I'm more than willing to show the paper, but cannot find where to post the scanned pages. This is the only form of the paper which I have. I do not have it online. And did not manage to find it on the web.



Do you know any free repository where the images will stay for a long time?

itistoday

#10
Quote from: "Elica"Do you know any free repository where the images will stay for a long time?


http://www.putfile.com/">Putfile.com?



Btw, I updated the explanation above, so if you (or anyone else) read the old version, I recommend reading it again, as I woke up this morning and realized I had made a mistake in my previous explanation.
Get your Objective newLISP groove on.

Elica

#11
Thanks. I'm now waiting for a reply from the paper's author. I do not like to post the paper without permission... and I hope that he has the paper online.



Meanwhile I will post the examples and the expected result as text. I have them as comments in my Logo program...

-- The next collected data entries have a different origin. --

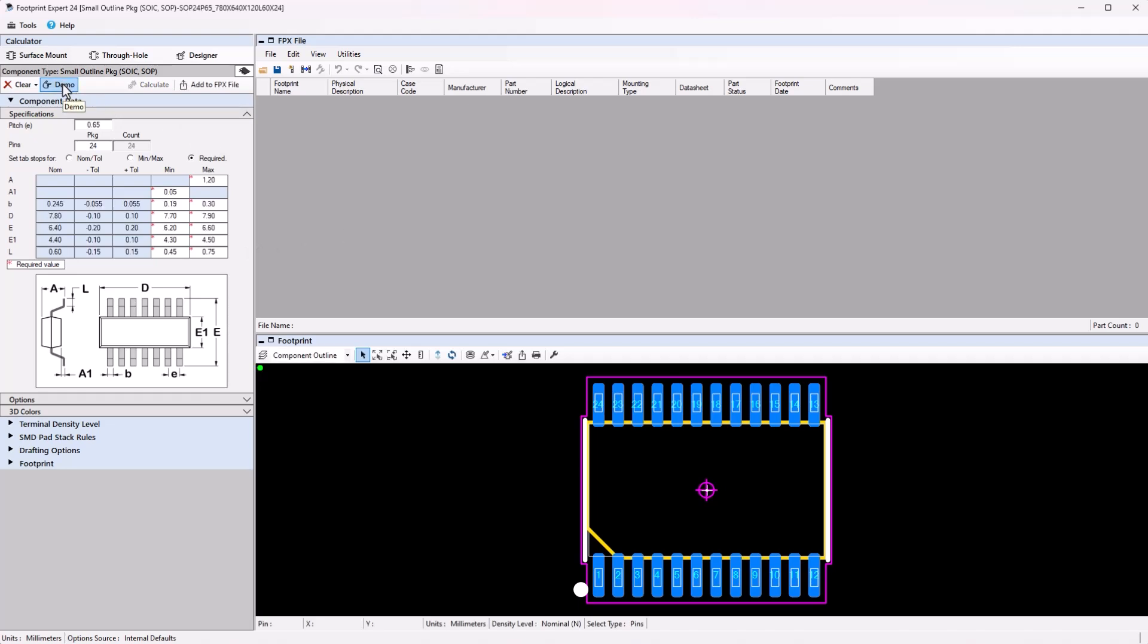For this footprint, I want to change the pin count to 20 pins. I can enter the new pin count and recalculate to see the updated footprint in the footprint window per current option settings in the tool.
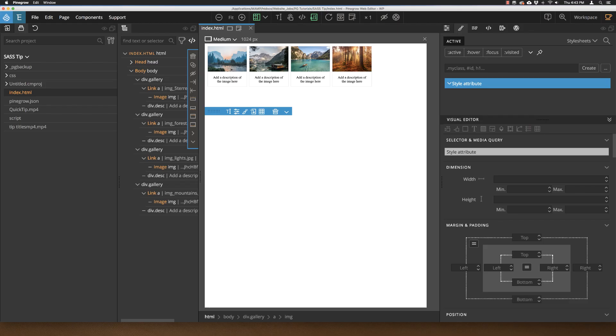Bob from PineGrow here with a quick tip. PineGrow has a built-in compiler for the SASS and LESS stylesheet languages. Additionally, this compiler also runs an auto-prefixer when converting your SASS or LESS sheets to normal CSS.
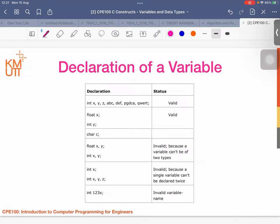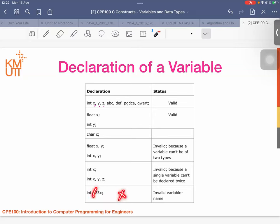Here are examples of valid and invalid variable declarations. A variable cannot have two types — x cannot be both float and int. Declaring 'int x' twice is invalid. And 'int 123x' is invalid because a variable name cannot start with a digit. These are the rules for valid and invalid variable declarations.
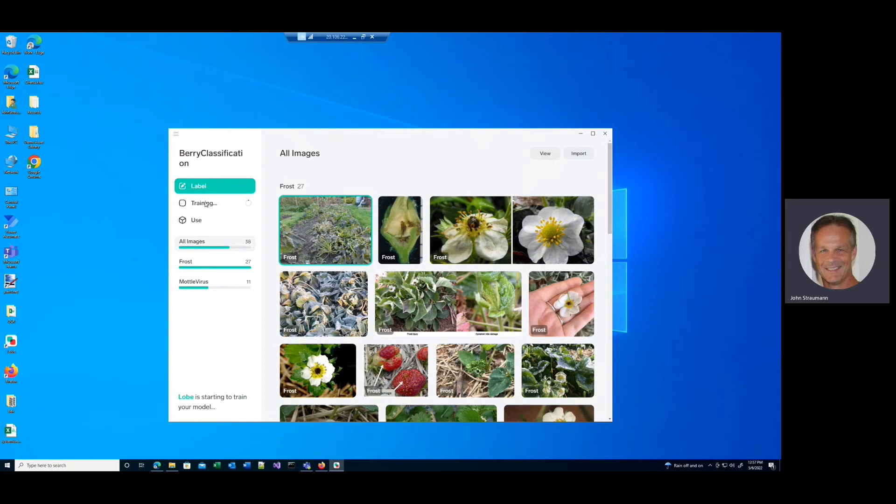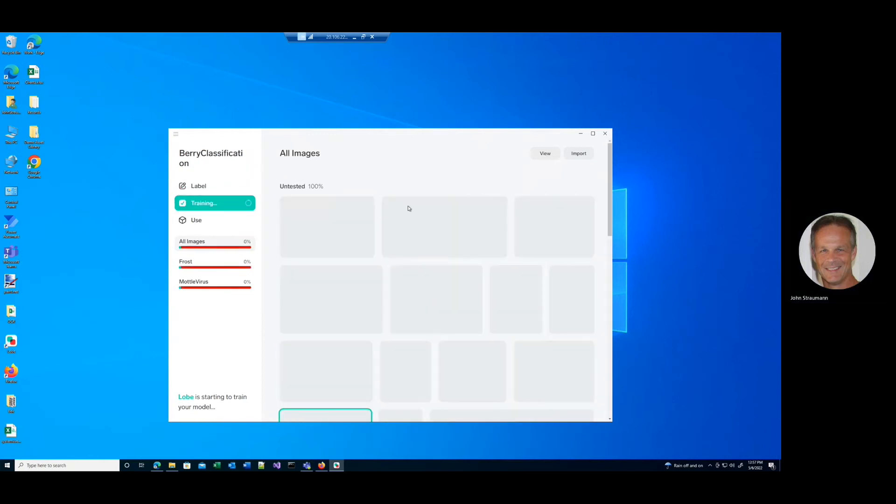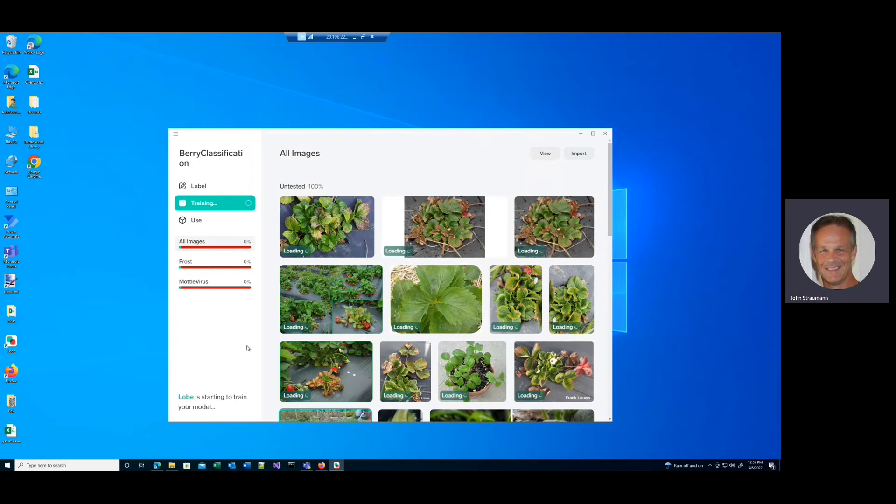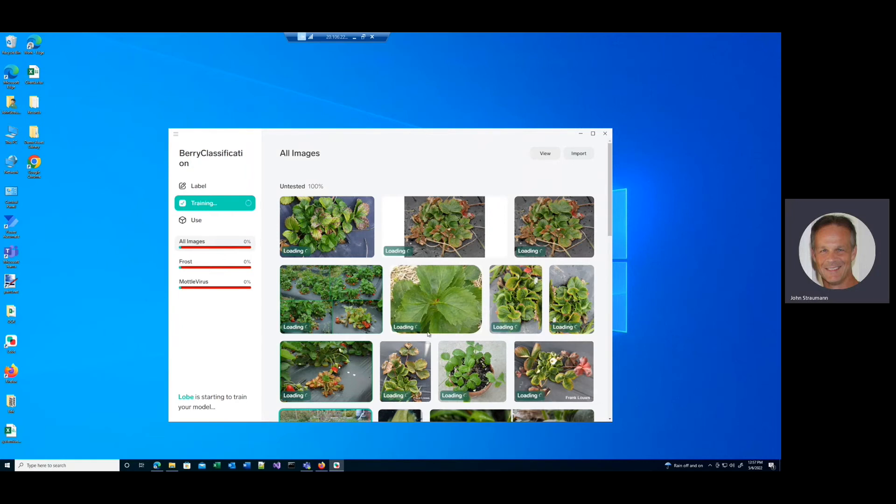And we see Lobe is starting to train our model automatically. So we'll give that some time to finish, and we'll come back when it's done.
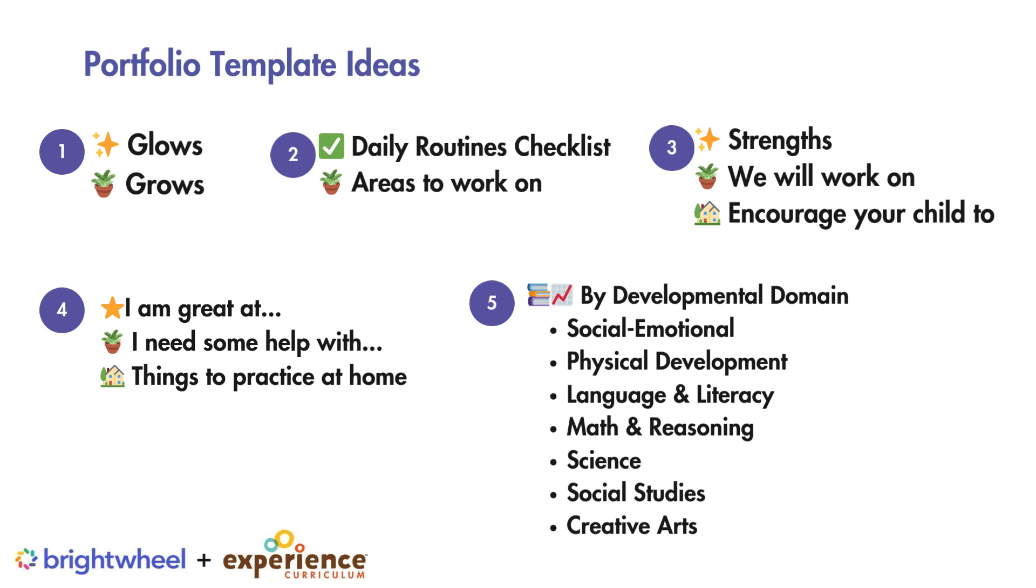Suggestion number three focuses on the child's strengths, what we will work on in the classroom, and what parents can encourage their child to do at home. Number four is similar:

Warning 1. The LISP code is typed by me by hand. I have not verified it. So, there might be some typos...



Warning 2. I will split the examples in several posts...

Elica

#12
INTRO



While waiting for permission to post the original paper, I will show you the examples. I hope that you may find them interesting -- specially the more complex ones at the end.

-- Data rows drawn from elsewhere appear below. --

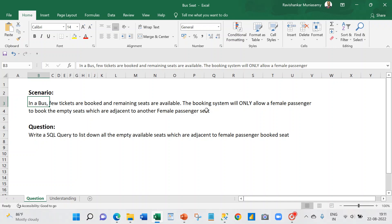Today if you see any RedBus.in or other bus booking apps, they will mark in a different color the seats which are adjacent to a female passenger. Male passengers are not supposed to book those tickets — the system will allow it, but they will question you if you book. The question here is: in this kind of system, we need to write a SQL query to list down all the empty available seats which are adjacent to a female passenger's booked seat.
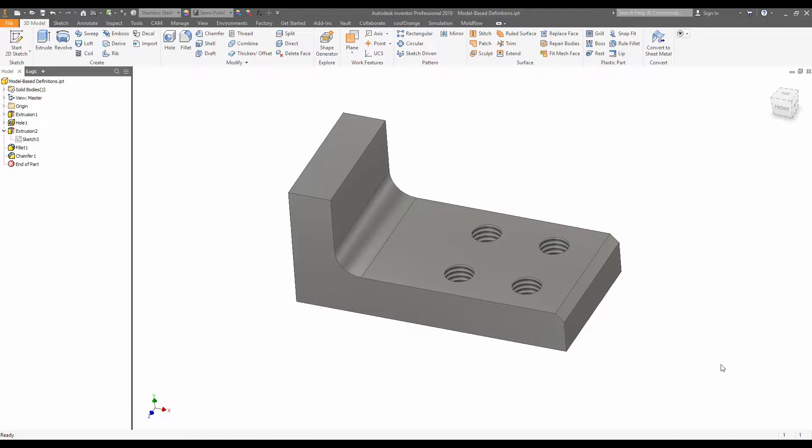In engineering, having a 3D model is no good unless somebody can draw useful information from it. The traditional approach to this has been to create 2D drawings from the 3D models onto which we've put our dimensions.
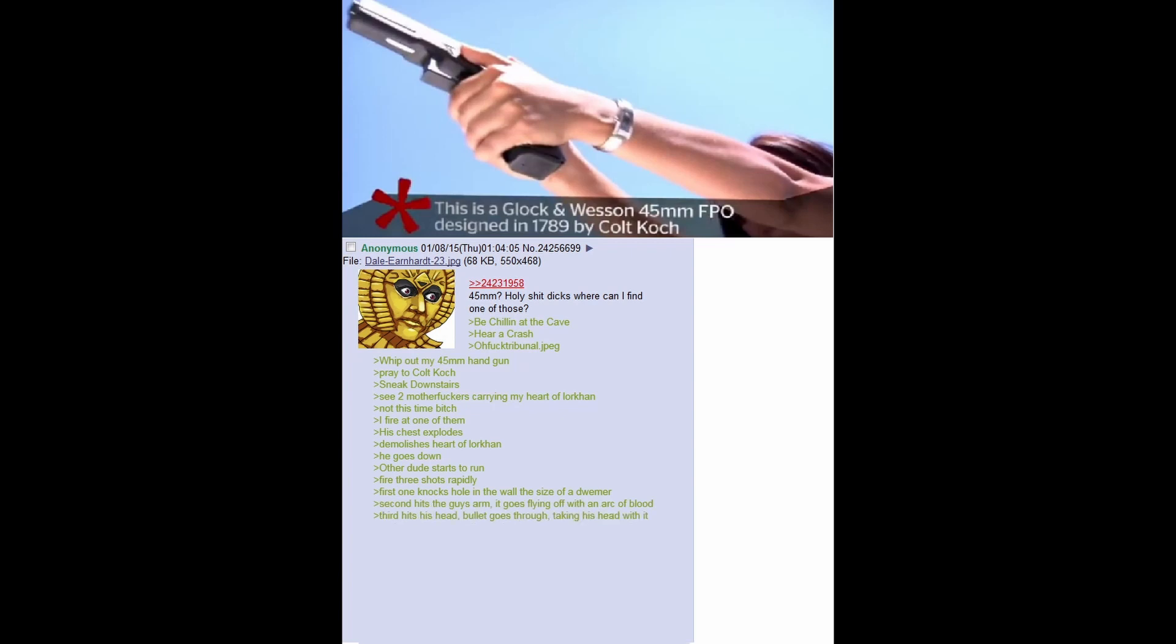Bullet goes through, taking his head with it. Tears top half of my front door completely off.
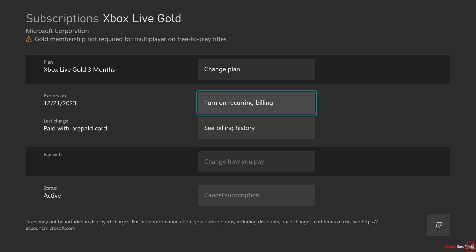Once you cancel the membership, it doesn't cancel what hasn't been used already. It's going to still expire normally, but it won't do the recurring billing again. So a way of canceling it is just to turn off recurring billing or go to cancel subscription.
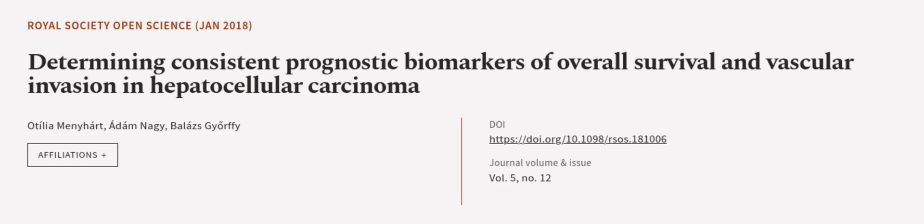This article was offered by Attila Manyhart, Adam Nagy, and Balazs Gyorffy. We are article.tv, links in the description below.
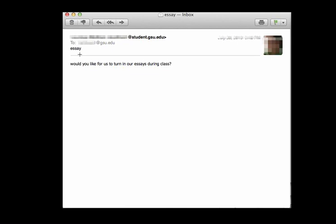Which assignment this actually is. If I have a couple of hundred students, I have multiple classes, I have multiple sections of different classes. I don't know who you are. You haven't given me enough information to go on. And the body of the email doesn't help.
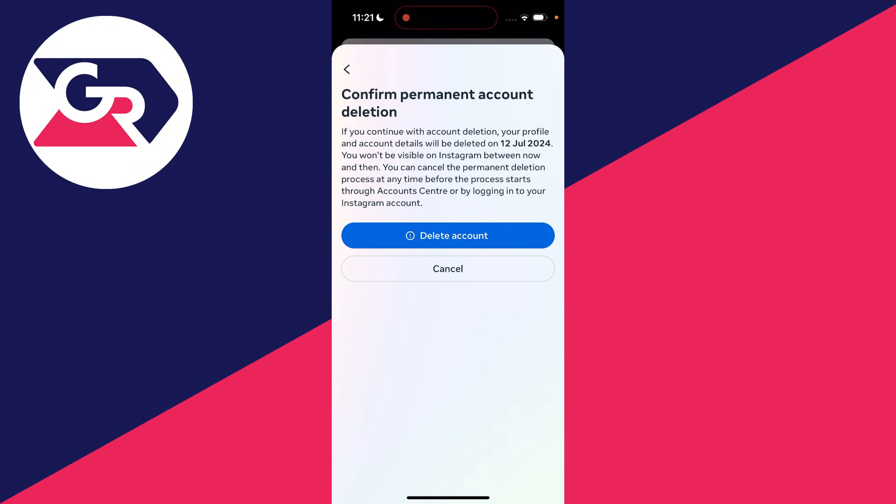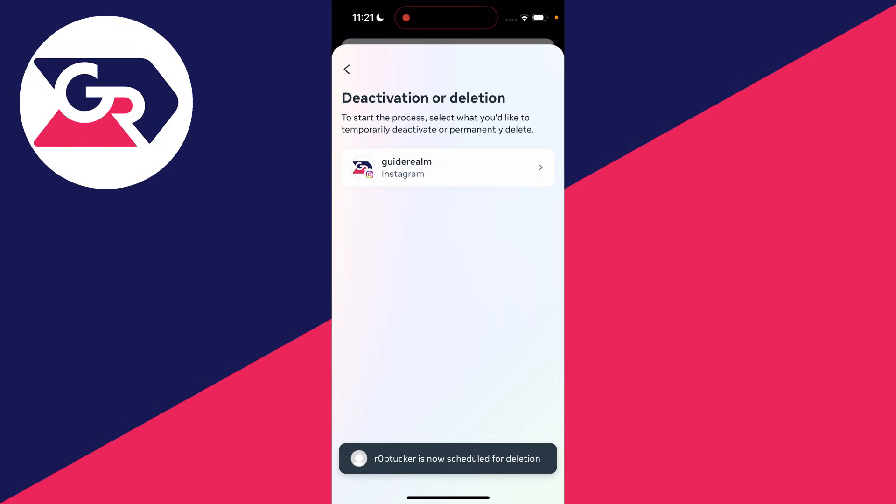Last of all, you need to confirm the permanent account deletion. Click on delete accounts and it will be deleted. You can actually undo this if you do it before the date which is stated there.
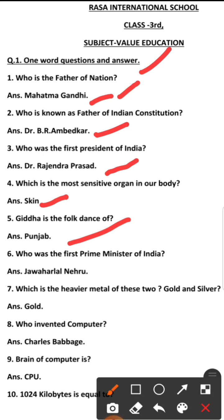Number 6: Who was the first prime minister of India? The first prime minister of India was Pandit Jawaharlal Nehru.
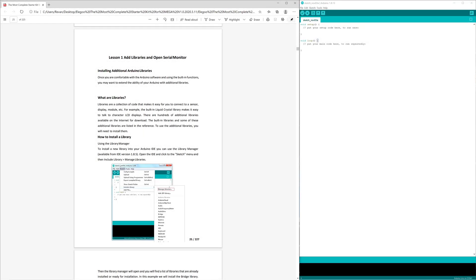Hey guys, how's it going? Today I'm going to knock out lesson one. Lesson one is to add libraries and open serial monitor.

I am curious whether you can reimplement them in newLisp. Well, I'm sure you can, because I have done them in Elica Logo.

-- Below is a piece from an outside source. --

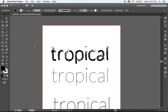Hi guys, this is Tom from New Tropical Design. Today I'm going to show you how to turn a font or a word into a single line stroke. There's a lot of designers out there on the internet wondering how to do it, and this is the best way I've found to do it.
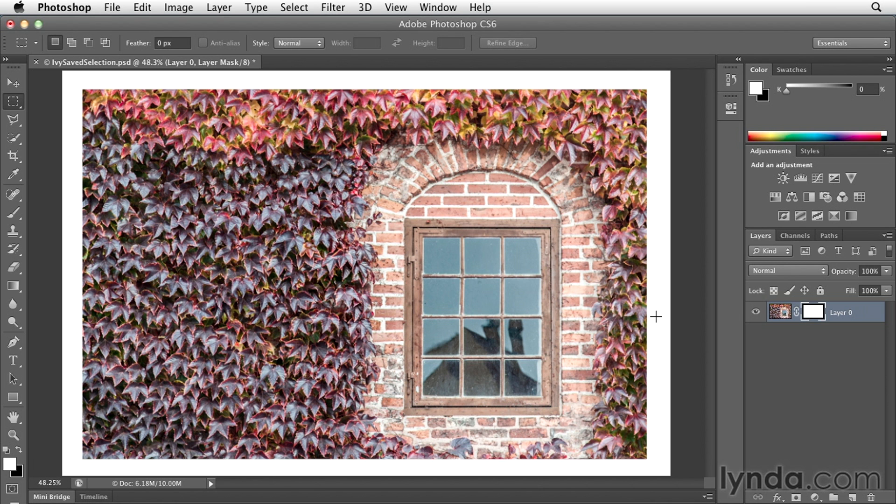Now, in the past, a lot of times people would make a selection and then add a feather to that selection in order to soften it. Well, we can do the same thing today, but we can do it in a non-destructive manner.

NOTE! The author's terminology is to use 'sequence' instead of 'stream'.



So, let me first enumerate the sequence functions:



  seq - creates a sequence

  head-el - returns the first element

  tail-seq - returns the subsequence without the first element

  shs - shows a sequence

  sshs - shows a sequence of sequences



The semantic relations between these functions are:

 

  (seq (head-el x) (tail-seq x))   is  x

  (head-el (seq h t))   is h

  (tail-seq (seq h t))   is t

Elica

#13
SIMPLE SEQUENCES



Constant sequence consist only a constant value.
(define (constant-seq c) (seq c (constant-seq c)))

(shs (constant_seq 1))
1, 1, 1, 1, 1, 1, 1, 1, 1, 1, ...




Arithmetic sequence has starting element and a rule (function) to generate the next element.
(define (arithmetic next-el a)
  (seq a
    (arithmetic next-el (next-el a))))


Let's define multiples of 5 by the rule:
(define (add-5 n) (n + 5))
(define multiples-5 (arithmetic add-5 5))

(shs (multiples-5))
5, 10, 15, 20, 25, 30, 35, 40, 45, 50, ...


Sequence of natural numbers is arithmetic sequence:
(define nat (arithmetic (lambda (n) (n + 1)) 1))

(shs (nat))
1, 2, 3, 4, 5, 6, 7, 8, 9, 10, ...

Elica

#14
MAP SEQUENCES



General rule-based sequence generator:
(define (seq-by-rule next-el a)
  (seq a (seq-by-rule next-el (next-el a))))


Let's map a square function on the sequence of natural numbers:
(define (map-seq f x)
  (seq (f (head-el x))
    (map-seq f (tail-seq x))))
(define (square n) (n * n))
(define seq-of-squares (map-seq square nat))

(shs (seq-of-squares))
1, 4, 9, 16, 25, 36, 49, 64, 81, 100, ...


Let's use the same thinking for elementary operations on sequences; sums, differences and products.

(define (seq-op op x y)
  (seq (op (head x) (head y)
    (seq-op op (tail-seq x) (tail-seq y))))
(define (seq+ x y) (seq-op sum x y))
(define (seq- x y) (seq-op difference x y))
(define (seq* x y) (seq-op product x y))

(shs (seq+ (seq-of-squares) (nat)))
2, 6, 12, 20, 30, 42, 56, 72, 90, 110, ...

(shs (seq- (seq-of-squares) (nat)))
0, 2, 6, 12, 20, 30, 42, 56, 72, 90, ...

(shs (seq* (seq-of-squares) (nat)))
1, 8, 27, 64, 125, 216, 343, 512, 729, 1000, ...






Note! The test cases are translated from Logo to Lisp, and I'm not good in Lisp, so I'm not sure about the parentheses. For example, I do not know which one is the correct:

(shs (seq* (seq-of-squares) (nat)))

or

(shs (seq* seq-of-squares nat))

So, please, fix the examples if needed.